CYPRIEN GAILLARD — I don’t do interviews for the sake of being famous. Press helps me to get my word out, to get more people interested, to gain a larger audience. Just because I’m in magazines doesn’t mean that I’m a pop star. I’d just rather speak for my work myself than let someone else do it. It’s just a way to have a following and I think that’s great. I think any artist would be lying if he said that he doesn’t care about people following his work.
SVEN SCHUMANN — I agree in most cases.
CYPRIEN GAILLARD — I want to make work that is critical, but I also want it to be popular.
SVEN SCHUMANN — Like good music.
CYPRIEN GAILLARD — Exactly! You can dance to it, but cry at the same time.

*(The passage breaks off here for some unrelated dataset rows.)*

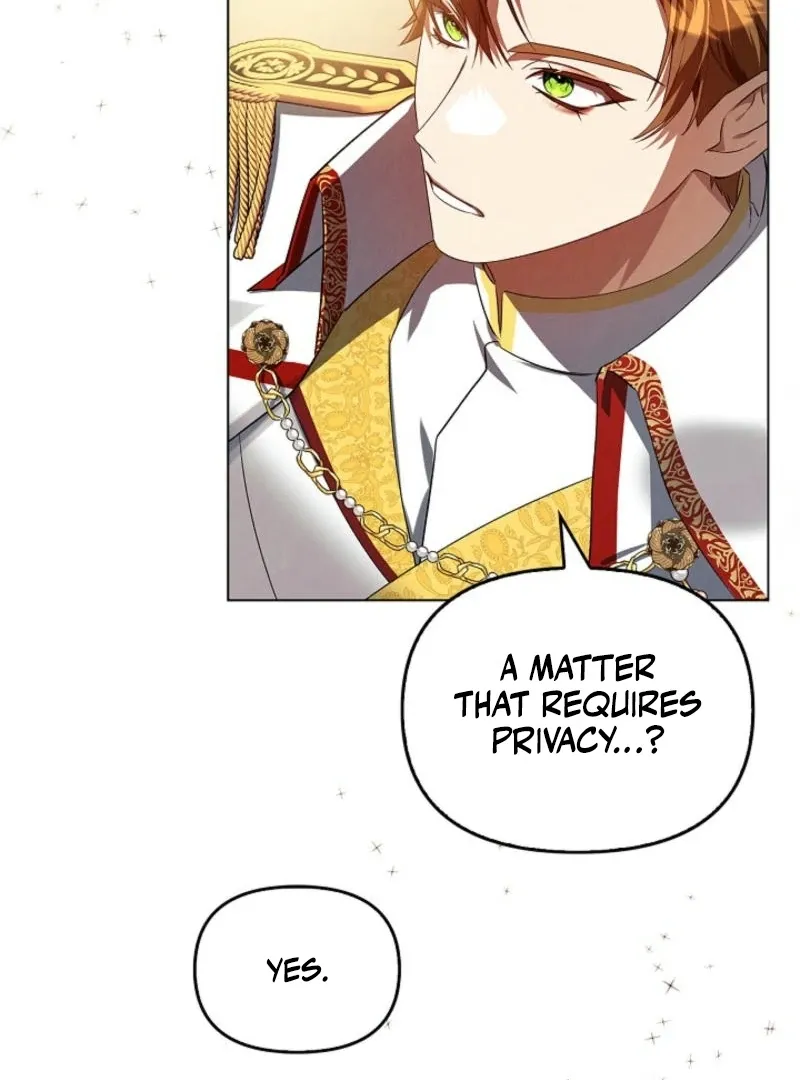 To the Witch Who Forgot the Birds Chapter 2 page 15 - 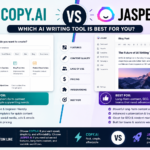 copie ai vs jasper ai : whit  is the best for Wrinting ?
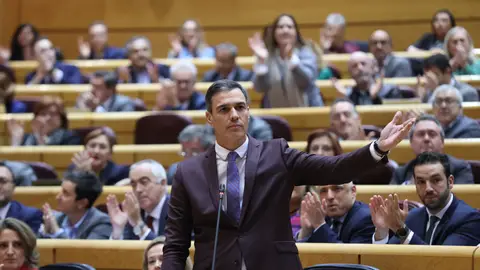 Pedro Sánchez Pedro Sánchez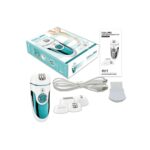 DALING Ladies Hair Removal Device EPILATOR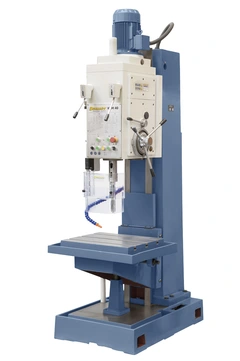 KBM 40 Boremaskin Bernardo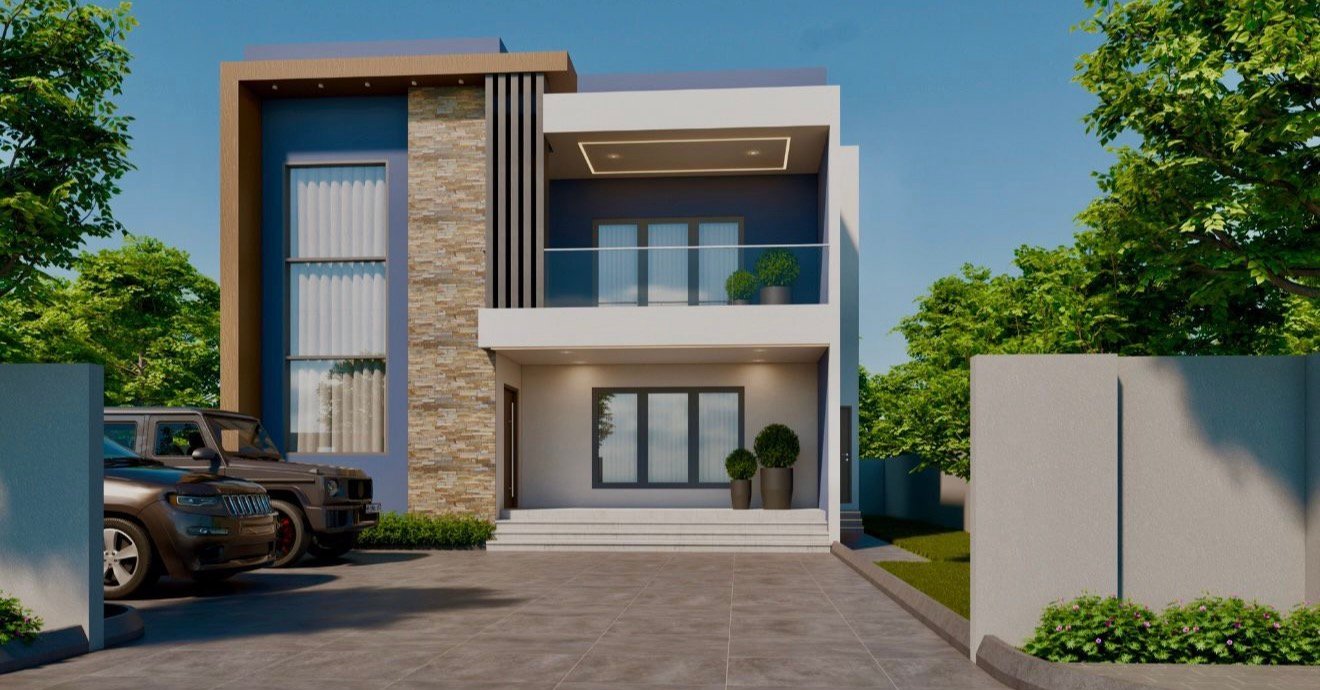 Commercial Project 5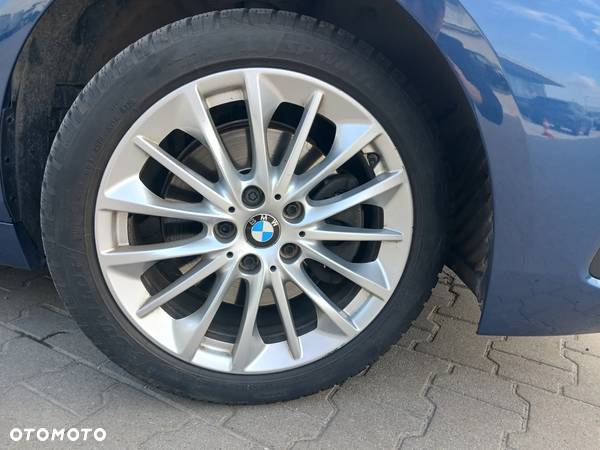 BMW Seria 1 118i Advantage - 11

That’s really important to me. What drives me is not to look at other artists, but to look at directors and architects or even advertising, to look at the kind of audience they have and the messages they are throwing out there. They’re feeding these kids with just garbage. A lot of films are shit, and it happens on such a huge scale. As artists we are in competition with other things, other creative spheres.
SVEN SCHUMANN — But it also has to do with the personality of the artist; not everybody can do that. You need to be outgoing.
CYPRIEN GAILLARD — To me it’s kind of a necessity. If you build a pyramid out of 72,000 bottles of beer, you need a crowd to come drink it.